The early response to neovascular age-related macular degeneration (nvAMD) treatment with aflibercept (Eyelea) was much greater than the response to bevacizumab (Avastin), in hopes of weaning those affected off the therapies sooner.
The early response to neovascular age-related macular degeneration (nvAMD) treatment with aflibercept (Eyelea) was much greater than the response to bevacizumab (Avastin), in hopes of weaning those affected off the therapies sooner.
According to a recent study published in the Journal of Clinical Investigation, researchers of Johns Hopkins Medicine examined whether the choice of therapy for nvAMD influenced the outcomes of a treat-and-extend-pause/monitor (TEP/M) approach, which can in fact wean 31% of nvAMD patients off anti-VEGF therapies like Eyelea and Avastin.
The (TEP/M) approach was previously monitored and studied by Johns Hopkins.
Researchers stated aflibercept and bevacizumab are the two most frequently used therapies for the treatment of nvAMD. Aflibercept has previously been shown to have a longer treatment time period and may be more effective than bevacizumab for the treatment of some patients with nvAMD. However, both anti-VEGF therapies raise concerns about the economic and social burden of frequent clinic visits for elderly patients.
Age-related macular degeneration is the most common cause of vision loss among people age 50 and older, affecting an estimated 7.3 million individuals in the U.S.. About 1.75 million of these patients have advanced AMD will lose vision from this condition. This includes patients with the “wet” form of AMD, which is the growth of abnormal blood vessels in the retina that can bleed or leak damaging fluids into the central portion of this light-sensing tissue.
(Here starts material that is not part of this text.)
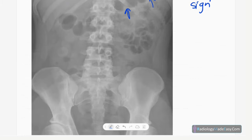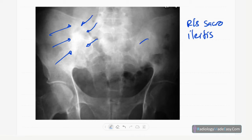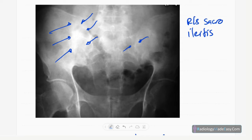This is an anteroposterior radiograph of the SI joints. Both SI joints are shown in this patient. You can see sclerosis and ankylosis — fusion of the SI joint — mainly in the right SI joint, with subtle sclerosis also in the left SI joint. This is sacroiliitis, seen as an extra-intestinal manifestation of inflammatory bowel disease.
In this retrospective study, 122 eyes of 106 patients with nvAMD underwent 3 consecutive monthly injections with either aflibercept (70) or bevacizumab (52) followed by the TEP/M method. Eyes that remained stable 12 weeks from their prior treatment were given a 6-week trial of holding further treatment, followed by quarterly monitoring. Treatment remained for those whose vision got worse, needed a clinical exam, or had further OCT findings.
At the end of year one, eyes receiving bevacizumab had similar vision but required more injections compared to those who received aflibercept. Patients treated with aflibercept were almost 3-times more likely to be weaned off treatment (43% vs. 15%) compared to eyes treated with bevacizumab at the end of one year.
“Our results suggest that if we can match the right patient to the best therapy, many patients with macular degeneration may not need lifelong therapy,” said Akrit Sodhi , M.D., Ph.D., associate professor of ophthalmology and the Branna and Irving Sisenwein Professor in Ophthalmology at the Wilmer Eye Institute at the Johns Hopkins University School of Medicine, in a release by Johns Hopkins.
Sodhi, co-author of the study, commented further to the results of the study and said many prior studies have suggested a very modest benefit for Eylea over Avastin.
"Our study suggests that there may be an additional benefit, at least for those patients being treated using a treat-and-extend, pause and monitor approach (i.e., if the goal is to wean patients off treatment,)" he added.
"However, it is important to acknowledge that our study was a retrospective, single center, non-randomized, non-blinded study. The results are very intriguing, to be sure. But the extent to which Eylea is superior to Avastin for weaning patients off therapy requires confirmation with a prospective randomized clinical trial."
Although, whether these outcomes suggest that off-label use of bevacizumab is an option, it is one that arises.
Sodhi said off-label use of bevacizumab remains the most cost-effective approach for the treatment of nvAMD. However, based on the study it requires more frequent treatments and may be less effective at weaning patients off therapy.
According to the Johns Hopkins release, Aflibercept and bevacizumab use for the treatment of wet AMD shows the interval between treatments for aflibercept (approximately $2,000 per treatment) is longer, and that aflibercept may be more effective than bevacizumab (approximately $100 per treatment). However, at more than 10 times the cost of monthly bevacizumab, whether this small benefit justifies the additional expense of bimonthly, aflibercept remains under debate among clinicians.